Post-hoc Part-prototype Networks
Andong Tan, Fengtao Zhou, Hao Chen
TL;DR
This work addresses the need for global interpretability in deep vision models by proposing a post-hoc part-prototype network that decomposes a trained classification head into $k$ interpretable prototypes, satisfying $\mathbf{v} = \sum_{i=1}^k \tilde{\mathbf{p}}_i$ and producing heatmaps $\mathbf{x} \tilde{\mathbf{p}}_i^T$. Prototypes are discovered via unsupervised NMF and refined through a residual-distribution process to exactly reconstruct the head while maintaining interpretability, with optimization steps including $\min_{\mathbf{E},\mathbf{P}} \|\mathbf{F} - \mathbf{E P}\|_2^2$ and $\min_{\alpha_i} \|\mathbf{v} - \sum_{i=1}^k \alpha_i \mathbf{p}_i\|_2^2$, followed by Nelder–Mead refinement. The approach guarantees performance and yields more faithful explanations than prior methods, demonstrated by explainability axioms and quantitative metrics across multiple backbones and large-scale datasets like ImageNet. It enables scalable, post-hoc, global interpretability for complex models by linking specific prototypes to semantically meaningful object parts.
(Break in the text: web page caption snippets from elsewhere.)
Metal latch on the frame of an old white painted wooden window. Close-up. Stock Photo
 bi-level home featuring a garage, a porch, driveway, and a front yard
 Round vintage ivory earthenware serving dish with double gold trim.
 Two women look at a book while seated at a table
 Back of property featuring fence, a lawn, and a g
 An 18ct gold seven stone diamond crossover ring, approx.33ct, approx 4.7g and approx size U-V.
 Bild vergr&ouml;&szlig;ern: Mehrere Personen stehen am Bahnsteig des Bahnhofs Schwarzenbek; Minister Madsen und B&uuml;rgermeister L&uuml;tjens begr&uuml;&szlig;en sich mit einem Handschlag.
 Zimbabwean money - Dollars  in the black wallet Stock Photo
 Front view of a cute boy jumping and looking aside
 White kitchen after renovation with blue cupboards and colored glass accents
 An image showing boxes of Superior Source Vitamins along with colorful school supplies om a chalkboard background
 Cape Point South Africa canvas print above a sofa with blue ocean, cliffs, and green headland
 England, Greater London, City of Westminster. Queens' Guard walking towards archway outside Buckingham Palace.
The work highlights a practical path toward transparent AI systems without retraining, while acknowledging limitations tied to the pretrained head’s feature space.
Abstract
Post-hoc explainability methods such as Grad-CAM are popular because they do not influence the performance of a trained model. However, they mainly reveal "where" a model looks at for a given input, fail to explain "what" the model looks for (e.g., what is important to classify a bird image to a Scott Oriole?). Existing part-prototype networks leverage part-prototypes (e.g., characteristic Scott Oriole's wing and head) to answer both "where" and "what", but often under-perform their black box counterparts in the accuracy. Therefore, a natural question is: can one construct a network that answers both "where" and "what" in a post-hoc manner to guarantee the model's performance? To this end, we propose the first post-hoc part-prototype network via decomposing the classification head of a trained model into a set of interpretable part-prototypes. Concretely, we propose an unsupervised prototype discovery and refining strategy to obtain prototypes that can precisely reconstruct the classification head, yet being interpretable. Besides guaranteeing the performance, we show that our network offers more faithful explanations qualitatively and yields even better part-prototypes quantitatively than prior part-prototype networks.